- ASSIGNMENT -
Would you please output, word for word, the span of the listing below that opens on the line containing "1518 E Lake Dr Fort Lauderdale, FL 33316" and closes on the line containing "Collias Chambres D'Hotes"? Include both ends and nothing more.

- EXCERPTED DATA -

⁂

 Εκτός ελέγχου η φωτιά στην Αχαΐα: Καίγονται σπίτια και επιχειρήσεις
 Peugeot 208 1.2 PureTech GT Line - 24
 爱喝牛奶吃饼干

⁂

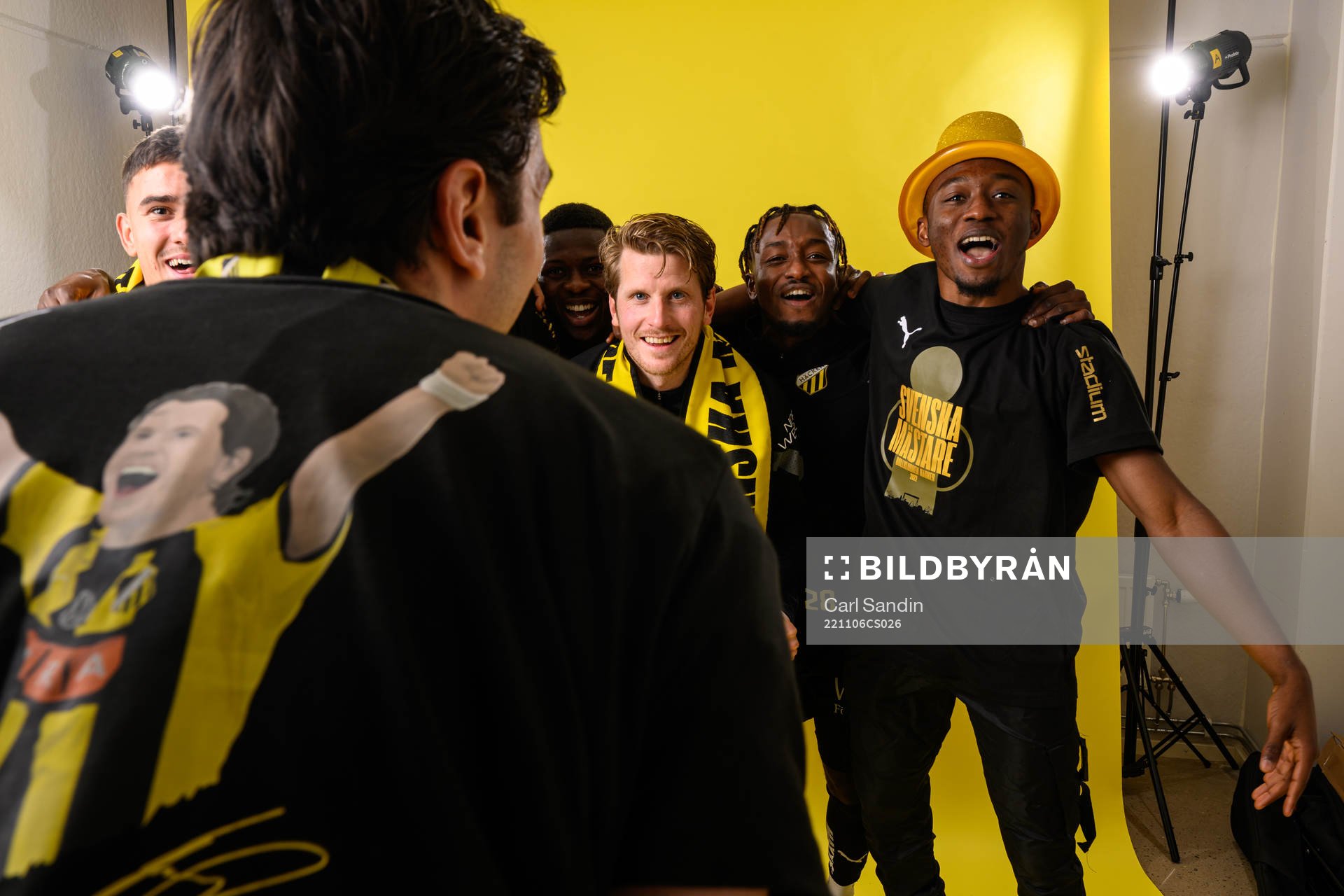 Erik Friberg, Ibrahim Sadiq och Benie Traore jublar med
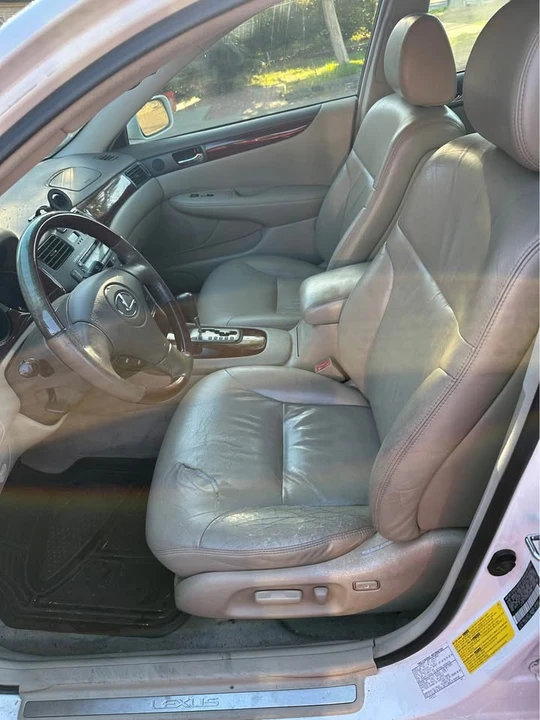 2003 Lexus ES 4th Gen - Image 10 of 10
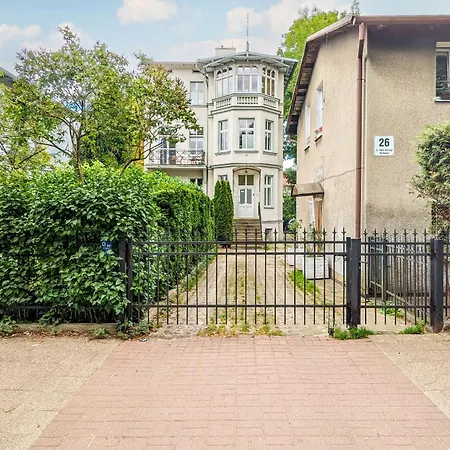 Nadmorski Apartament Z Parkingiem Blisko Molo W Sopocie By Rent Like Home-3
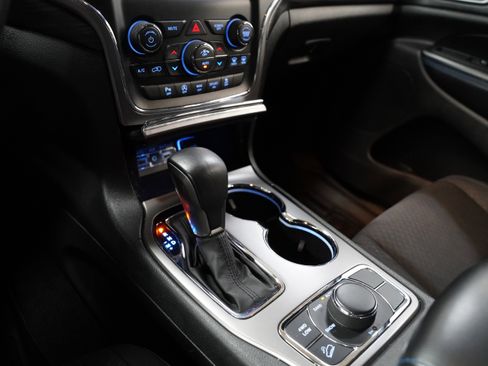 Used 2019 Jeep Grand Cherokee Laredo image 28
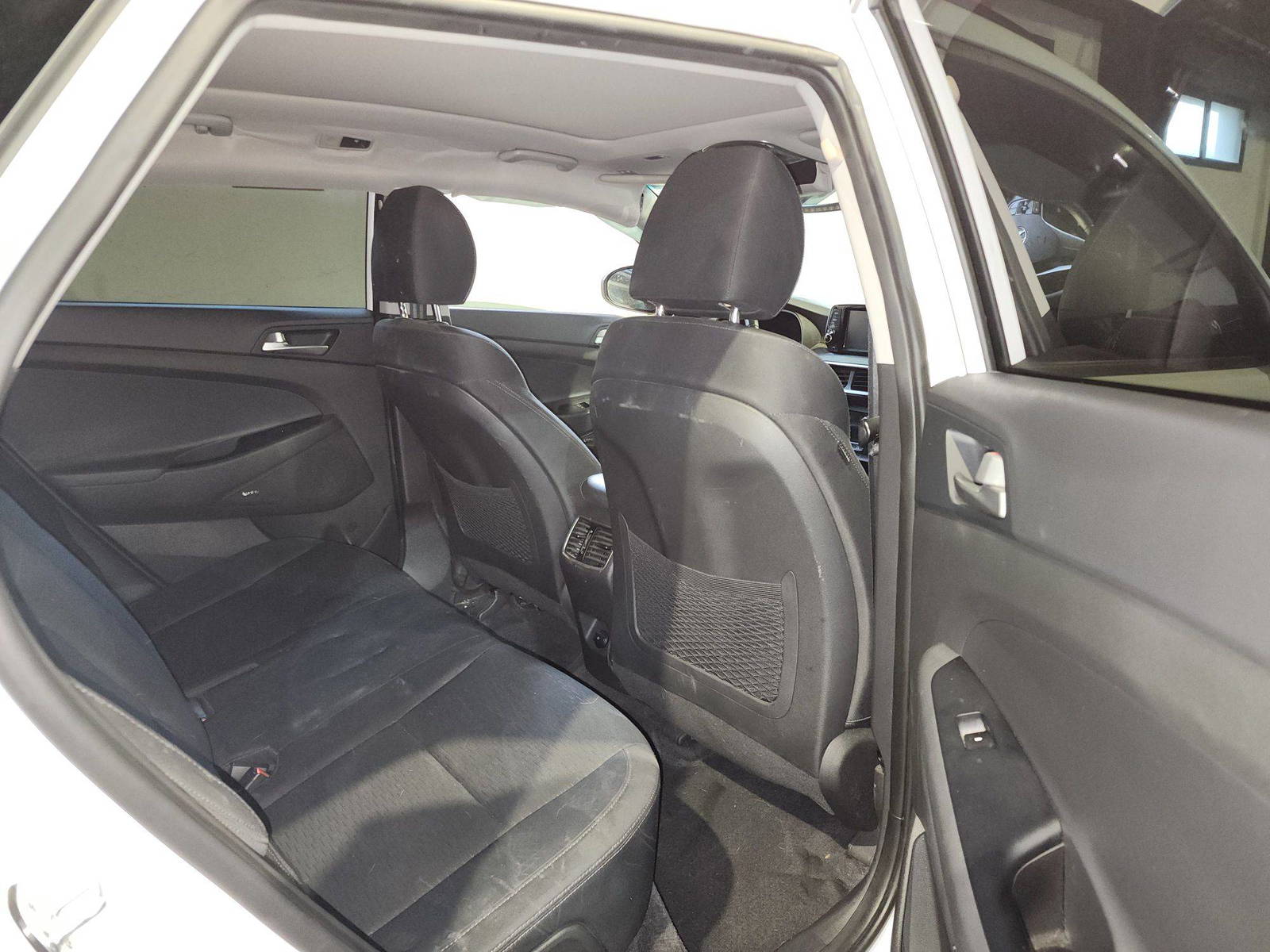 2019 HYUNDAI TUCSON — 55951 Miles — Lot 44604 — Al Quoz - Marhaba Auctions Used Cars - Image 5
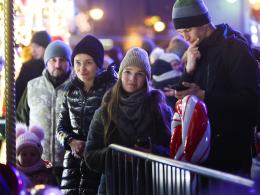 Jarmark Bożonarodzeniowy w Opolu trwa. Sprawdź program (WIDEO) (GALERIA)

⁂

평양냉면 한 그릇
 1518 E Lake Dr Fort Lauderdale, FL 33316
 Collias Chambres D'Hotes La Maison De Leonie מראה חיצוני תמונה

⁂

- WRITTEN RESPONSE -
 1518 E Lake Dr Fort Lauderdale, FL 33316
 Collias Chambres D'Hotes La Maison De Leonie מראה חיצוני תמונה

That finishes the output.